(Data entries)
<<<<

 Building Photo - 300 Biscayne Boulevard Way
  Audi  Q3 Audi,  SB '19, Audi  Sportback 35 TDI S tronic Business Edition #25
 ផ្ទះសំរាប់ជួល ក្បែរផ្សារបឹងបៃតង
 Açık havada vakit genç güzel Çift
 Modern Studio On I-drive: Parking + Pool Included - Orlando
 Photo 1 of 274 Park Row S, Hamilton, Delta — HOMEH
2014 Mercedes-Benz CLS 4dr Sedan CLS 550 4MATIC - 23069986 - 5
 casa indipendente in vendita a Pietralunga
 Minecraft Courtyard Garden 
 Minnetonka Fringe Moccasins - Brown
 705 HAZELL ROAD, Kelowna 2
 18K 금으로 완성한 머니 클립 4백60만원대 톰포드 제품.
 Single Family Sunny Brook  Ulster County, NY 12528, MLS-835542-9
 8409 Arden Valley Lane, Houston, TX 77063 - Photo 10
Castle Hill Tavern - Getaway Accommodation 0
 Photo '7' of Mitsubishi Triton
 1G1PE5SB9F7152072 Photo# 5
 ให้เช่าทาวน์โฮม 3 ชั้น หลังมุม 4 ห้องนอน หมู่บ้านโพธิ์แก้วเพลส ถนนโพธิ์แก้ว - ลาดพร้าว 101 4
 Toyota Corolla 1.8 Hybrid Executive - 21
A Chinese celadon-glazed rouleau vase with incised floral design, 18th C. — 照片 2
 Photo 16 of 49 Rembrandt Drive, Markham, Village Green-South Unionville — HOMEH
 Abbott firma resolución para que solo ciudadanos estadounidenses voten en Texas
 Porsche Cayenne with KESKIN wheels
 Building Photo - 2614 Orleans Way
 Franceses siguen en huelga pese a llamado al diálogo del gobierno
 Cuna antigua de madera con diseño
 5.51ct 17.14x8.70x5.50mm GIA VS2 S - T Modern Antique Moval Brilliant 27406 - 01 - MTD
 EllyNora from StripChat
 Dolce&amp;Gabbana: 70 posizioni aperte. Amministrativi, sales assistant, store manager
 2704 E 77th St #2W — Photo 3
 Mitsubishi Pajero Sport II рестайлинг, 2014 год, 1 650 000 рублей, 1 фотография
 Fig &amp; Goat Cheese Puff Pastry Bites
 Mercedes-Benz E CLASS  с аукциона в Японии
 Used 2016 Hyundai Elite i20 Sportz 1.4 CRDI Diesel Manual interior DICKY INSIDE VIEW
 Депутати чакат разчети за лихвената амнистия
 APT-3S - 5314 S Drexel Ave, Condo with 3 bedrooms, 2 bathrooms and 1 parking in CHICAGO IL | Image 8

>>>>

The problem
Please give back the records exactly as written, beginning at the first line and including the line that holds "Used 2016 Hyundai" as the last.

Answer space
 Building Photo - 300 Biscayne Boulevard Way
  Audi  Q3 Audi,  SB '19, Audi  Sportback 35 TDI S tronic Business Edition #25
 ផ្ទះសំរាប់ជួល ក្បែរផ្សារបឹងបៃតង
 Açık havada vakit genç güzel Çift
 Modern Studio On I-drive: Parking + Pool Included - Orlando
 Photo 1 of 274 Park Row S, Hamilton, Delta — HOMEH
2014 Mercedes-Benz CLS 4dr Sedan CLS 550 4MATIC - 23069986 - 5
 casa indipendente in vendita a Pietralunga
 Minecraft Courtyard Garden 
 Minnetonka Fringe Moccasins - Brown
 705 HAZELL ROAD, Kelowna 2
 18K 금으로 완성한 머니 클립 4백60만원대 톰포드 제품.
 Single Family Sunny Brook  Ulster County, NY 12528, MLS-835542-9
 8409 Arden Valley Lane, Houston, TX 77063 - Photo 10
Castle Hill Tavern - Getaway Accommodation 0
 Photo '7' of Mitsubishi Triton
 1G1PE5SB9F7152072 Photo# 5
 ให้เช่าทาวน์โฮม 3 ชั้น หลังมุม 4 ห้องนอน หมู่บ้านโพธิ์แก้วเพลส ถนนโพธิ์แก้ว - ลาดพร้าว 101 4
 Toyota Corolla 1.8 Hybrid Executive - 21
A Chinese celadon-glazed rouleau vase with incised floral design, 18th C. — 照片 2
 Photo 16 of 49 Rembrandt Drive, Markham, Village Green-South Unionville — HOMEH
 Abbott firma resolución para que solo ciudadanos estadounidenses voten en Texas
 Porsche Cayenne with KESKIN wheels
 Building Photo - 2614 Orleans Way
 Franceses siguen en huelga pese a llamado al diálogo del gobierno
 Cuna antigua de madera con diseño
 5.51ct 17.14x8.70x5.50mm GIA VS2 S - T Modern Antique Moval Brilliant 27406 - 01 - MTD
 EllyNora from StripChat
 Dolce&amp;Gabbana: 70 posizioni aperte. Amministrativi, sales assistant, store manager
 2704 E 77th St #2W — Photo 3
 Mitsubishi Pajero Sport II рестайлинг, 2014 год, 1 650 000 рублей, 1 фотография
 Fig &amp; Goat Cheese Puff Pastry Bites
 Mercedes-Benz E CLASS  с аукциона в Японии
 Used 2016 Hyundai Elite i20 Sportz 1.4 CRDI Diesel Manual interior DICKY INSIDE VIEW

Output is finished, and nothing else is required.